Voci che rifiutano coralmente una lettura della politica attraverso gli occhiali del giustizialismo e una sua parodia recitata attraverso agitazioni peraltro assai poco partecipate. Voci autorevoli che appaiono però isolate, in un clima mediatico ossessionato dalla rappresentazione di uno scontro descritto con compiacimento come prossimo a una specie di guerra civile.
Tuttavia la voce del buon senso è destinata a ottenere un ascolto crescente: è difficile, per chi punta alla drammatizzazione estrema, tenere costantemente al diapason il livello dell'allarmismo. Sono mesi che, per esempio, Repubblica dipinge con protervia come “decisiva” ogni votazione in Aula (quasi fosse l'anticamera del crollo dell'esecutivo), e ogni manifestazione di dissenso come preannuncio della catastrofe finale. Ora si descrivono modeste mobilitazioni di parte, dal tono esplicitamente antiparlamentare, come espressione di una indignazione pressoché universale, senza rendersi conto che questa amplificazione artificiosa finisce per immiserire lo stesso messaggio che si intende lanciare.
Quando la stanchezza per questo clima, che già comincia ad affermarsi, avrà preso il sopravvento, ci sarà spazio per il “partito degli autorevoli”, che non può che avere come punto di riferimento ideale la presidenza della Repubblica, la quale insiste da sempre sull'esigenza di non disperdere il senso dell'interesse nazionale nell'esasperazione rissosa dei contrasti. Finora i partigiani della rissa hanno fatto spallucce, hanno persino cercato di strumentalizzare gli appelli autorevoli alla pacificazione interpretandoli a senso unico, ma intanto l'acqua in cui nuotano diventa sempre più bassa. La raffigurazione di un'Italia attanagliata nella guerra tra la procura milanese che “ha sempre ragione” anche quando non rispetta la legge e il Parlamento, perché rappresenta la volontà popolare, e un esecutivo delegittimato e privo di qualunque sostegno se non quello di una maggioranza parlamentare definita come raccogliticcia, immorale o addirittura corrotta, sta stancando tutti, non mobilita più le mitiche “masse popolari” e non ha più la presa di un tempo anche su settori delle classi dirigenti, e proprio di questo è espressione il “partito degli autorevoli”.

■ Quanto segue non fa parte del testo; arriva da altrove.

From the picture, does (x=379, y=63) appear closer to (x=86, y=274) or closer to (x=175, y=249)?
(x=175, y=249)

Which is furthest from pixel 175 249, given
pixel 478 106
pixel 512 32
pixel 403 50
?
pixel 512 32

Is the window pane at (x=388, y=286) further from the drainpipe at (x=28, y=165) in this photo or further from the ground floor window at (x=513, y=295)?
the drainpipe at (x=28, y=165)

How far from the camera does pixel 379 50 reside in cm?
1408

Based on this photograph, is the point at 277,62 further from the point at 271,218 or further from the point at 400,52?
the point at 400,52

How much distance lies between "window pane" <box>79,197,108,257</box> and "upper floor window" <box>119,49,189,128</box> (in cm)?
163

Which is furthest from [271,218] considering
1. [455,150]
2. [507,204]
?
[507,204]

Naturalmente dipenderà da tanti fattori, compresa la capacità della maggioranza di tenere i nervi saldi, di difendere le proprie prerogative senza arroganza e senza cadere nella trappola della rissa permanente, se il decorso sarà favorevole. I rinfocolatori sono sempre in azione e non molleranno la presa, che però si fa di giorno in giorno meno efficace. Si può riaprire lo spazio per un ritorno alla politica come confronto di idee, ma questo spazio va riempito da iniziative costruttive, prima che si richiuda nuovamente.